SY - It will be wonderful! And we'll both be glad to finally have NO humongous water tanks in the #&^%ing closet! 8~)

Christy - that trip was one of the greatest gifts a parent could ever give her children. I am SO glad yall did it!

We do have a concept of "need" in this society that much of the world - and what's more, our ancestors, only a short while ago - would find pretty opulent.

Nana - welcome!

There was one episode in which a mother with little kids said she really needed an open floorplan to be able to work in the kitchen and still keep an eye on the kids, which made perfect sense.

A lot of hunters also say that they like to visit with dinner guests while they're cooking, and all i can say is - they must be a whole lot less ADD than i am!
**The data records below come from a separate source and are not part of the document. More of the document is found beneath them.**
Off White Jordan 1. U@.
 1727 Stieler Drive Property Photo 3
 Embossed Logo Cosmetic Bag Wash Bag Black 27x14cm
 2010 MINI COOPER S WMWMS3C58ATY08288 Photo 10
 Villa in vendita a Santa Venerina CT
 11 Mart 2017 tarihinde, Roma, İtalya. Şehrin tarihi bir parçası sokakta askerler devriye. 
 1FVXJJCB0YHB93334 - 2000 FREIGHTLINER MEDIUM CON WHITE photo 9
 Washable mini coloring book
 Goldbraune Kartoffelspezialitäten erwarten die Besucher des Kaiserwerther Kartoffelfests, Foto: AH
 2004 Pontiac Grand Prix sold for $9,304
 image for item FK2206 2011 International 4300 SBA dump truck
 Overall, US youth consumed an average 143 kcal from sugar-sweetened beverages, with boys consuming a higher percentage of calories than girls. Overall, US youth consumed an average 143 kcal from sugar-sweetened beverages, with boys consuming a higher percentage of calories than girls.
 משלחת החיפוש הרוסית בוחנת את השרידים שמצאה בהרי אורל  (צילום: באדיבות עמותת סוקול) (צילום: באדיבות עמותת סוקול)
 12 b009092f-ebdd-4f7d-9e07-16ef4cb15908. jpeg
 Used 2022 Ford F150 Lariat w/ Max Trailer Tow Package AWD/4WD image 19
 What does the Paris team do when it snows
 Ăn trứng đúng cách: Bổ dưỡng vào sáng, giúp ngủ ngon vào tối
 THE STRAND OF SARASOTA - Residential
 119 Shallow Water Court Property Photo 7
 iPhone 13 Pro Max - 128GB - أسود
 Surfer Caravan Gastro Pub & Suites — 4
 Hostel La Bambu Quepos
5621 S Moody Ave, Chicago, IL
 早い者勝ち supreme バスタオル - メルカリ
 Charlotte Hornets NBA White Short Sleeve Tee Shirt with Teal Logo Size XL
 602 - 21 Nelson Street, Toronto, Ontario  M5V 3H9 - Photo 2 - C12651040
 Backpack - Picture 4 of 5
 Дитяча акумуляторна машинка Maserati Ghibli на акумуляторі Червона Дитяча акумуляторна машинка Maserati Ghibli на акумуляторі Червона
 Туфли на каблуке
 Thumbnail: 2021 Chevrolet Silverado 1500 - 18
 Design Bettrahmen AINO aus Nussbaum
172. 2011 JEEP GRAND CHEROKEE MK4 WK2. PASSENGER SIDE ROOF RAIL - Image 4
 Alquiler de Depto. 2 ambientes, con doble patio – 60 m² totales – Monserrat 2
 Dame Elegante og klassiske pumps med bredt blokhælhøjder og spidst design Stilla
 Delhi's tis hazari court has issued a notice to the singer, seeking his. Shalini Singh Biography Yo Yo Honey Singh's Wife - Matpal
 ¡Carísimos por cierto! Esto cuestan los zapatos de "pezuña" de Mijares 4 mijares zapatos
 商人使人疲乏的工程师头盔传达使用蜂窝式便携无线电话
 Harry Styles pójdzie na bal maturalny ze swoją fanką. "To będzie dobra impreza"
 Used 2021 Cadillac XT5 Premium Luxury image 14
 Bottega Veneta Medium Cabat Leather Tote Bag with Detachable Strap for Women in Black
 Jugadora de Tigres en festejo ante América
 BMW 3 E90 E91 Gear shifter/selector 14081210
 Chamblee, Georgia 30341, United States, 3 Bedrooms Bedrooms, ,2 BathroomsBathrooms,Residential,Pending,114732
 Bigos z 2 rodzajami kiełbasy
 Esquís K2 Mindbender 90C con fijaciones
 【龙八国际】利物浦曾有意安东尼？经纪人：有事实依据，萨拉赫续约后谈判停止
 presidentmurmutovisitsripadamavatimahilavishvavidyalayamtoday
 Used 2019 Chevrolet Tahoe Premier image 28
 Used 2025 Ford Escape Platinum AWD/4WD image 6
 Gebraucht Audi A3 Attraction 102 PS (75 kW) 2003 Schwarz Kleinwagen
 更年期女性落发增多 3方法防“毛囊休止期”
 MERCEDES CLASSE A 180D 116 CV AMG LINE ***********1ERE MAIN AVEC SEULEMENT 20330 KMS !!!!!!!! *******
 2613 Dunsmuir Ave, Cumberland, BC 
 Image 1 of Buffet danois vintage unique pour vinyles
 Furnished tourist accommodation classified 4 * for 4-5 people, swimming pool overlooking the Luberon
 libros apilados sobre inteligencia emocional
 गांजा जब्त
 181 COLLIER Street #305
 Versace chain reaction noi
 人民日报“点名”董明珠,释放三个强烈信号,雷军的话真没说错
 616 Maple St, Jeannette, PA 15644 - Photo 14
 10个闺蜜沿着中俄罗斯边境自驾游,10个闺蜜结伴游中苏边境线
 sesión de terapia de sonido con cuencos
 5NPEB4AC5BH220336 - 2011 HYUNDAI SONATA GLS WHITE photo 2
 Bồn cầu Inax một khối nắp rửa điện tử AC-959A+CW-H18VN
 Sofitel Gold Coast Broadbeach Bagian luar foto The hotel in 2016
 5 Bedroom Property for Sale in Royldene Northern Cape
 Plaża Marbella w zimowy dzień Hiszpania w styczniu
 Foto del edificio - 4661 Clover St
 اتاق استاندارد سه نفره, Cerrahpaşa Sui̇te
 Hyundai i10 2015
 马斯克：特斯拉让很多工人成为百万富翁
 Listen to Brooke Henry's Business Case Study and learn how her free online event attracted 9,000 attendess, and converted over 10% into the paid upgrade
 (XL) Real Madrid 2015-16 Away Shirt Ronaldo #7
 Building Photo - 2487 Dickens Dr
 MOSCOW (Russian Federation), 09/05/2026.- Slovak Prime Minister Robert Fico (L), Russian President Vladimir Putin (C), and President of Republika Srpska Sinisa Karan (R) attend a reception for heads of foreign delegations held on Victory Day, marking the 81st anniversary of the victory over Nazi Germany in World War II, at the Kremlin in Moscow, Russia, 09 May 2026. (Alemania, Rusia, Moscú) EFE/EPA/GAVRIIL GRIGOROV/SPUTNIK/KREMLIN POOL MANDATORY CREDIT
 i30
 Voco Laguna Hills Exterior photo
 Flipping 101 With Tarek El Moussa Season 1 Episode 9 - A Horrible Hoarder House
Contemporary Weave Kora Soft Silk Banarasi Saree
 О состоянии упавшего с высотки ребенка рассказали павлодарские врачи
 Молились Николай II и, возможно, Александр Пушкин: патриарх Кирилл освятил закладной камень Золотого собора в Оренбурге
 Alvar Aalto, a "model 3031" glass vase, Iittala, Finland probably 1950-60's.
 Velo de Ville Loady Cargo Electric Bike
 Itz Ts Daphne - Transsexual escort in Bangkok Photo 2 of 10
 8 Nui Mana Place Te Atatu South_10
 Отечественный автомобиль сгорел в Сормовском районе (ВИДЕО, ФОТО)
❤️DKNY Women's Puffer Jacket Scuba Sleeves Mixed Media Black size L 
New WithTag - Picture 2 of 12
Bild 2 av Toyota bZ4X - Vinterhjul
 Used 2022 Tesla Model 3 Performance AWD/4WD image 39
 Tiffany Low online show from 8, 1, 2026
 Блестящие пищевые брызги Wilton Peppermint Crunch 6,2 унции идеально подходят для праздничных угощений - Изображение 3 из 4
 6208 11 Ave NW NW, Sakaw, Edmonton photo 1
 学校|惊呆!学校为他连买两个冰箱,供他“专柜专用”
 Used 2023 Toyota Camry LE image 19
Keeping track of various dishes with various timings takes all my mental energy. More, actually. If someone is talking to me my responses tend to be "Um...yeah. Right." while i wish they'd save it for the table! 8~)

Amanda Christine Cox said...

Hi Sher
I like a mix of both.. open plan downstairs, cosy rooms upstairs. I only say this because I like lounge/diners and we have a dining room that never gets used because we all sit in the lounge and watch tv and eat off our laps...
My mum and the in-laws have small modern houses with a lounge diner, most of the time the TV is off but its kind of reassuring to see it!

I hate daytime TV. The worst for me are those cartoons with all the associated crap like Ben 10.. just getting kids to nag their parents to buy plasticky stuff made in China that will end up in landfill in a couple of years..

Sherwood Harrington said...

Hi, Amanda! Nice to see you over here at Ruth's place!

A note of explanation to others: Amanda, who lives in England, is a longtime contact/friend of mine over on the Flickr photosharing site. I'm sure she arrived at this post via a link in comments on this photo of mine.

I hope you come back to Ruth's blog here often, Amanda. I think you'll find a kindred spirit here.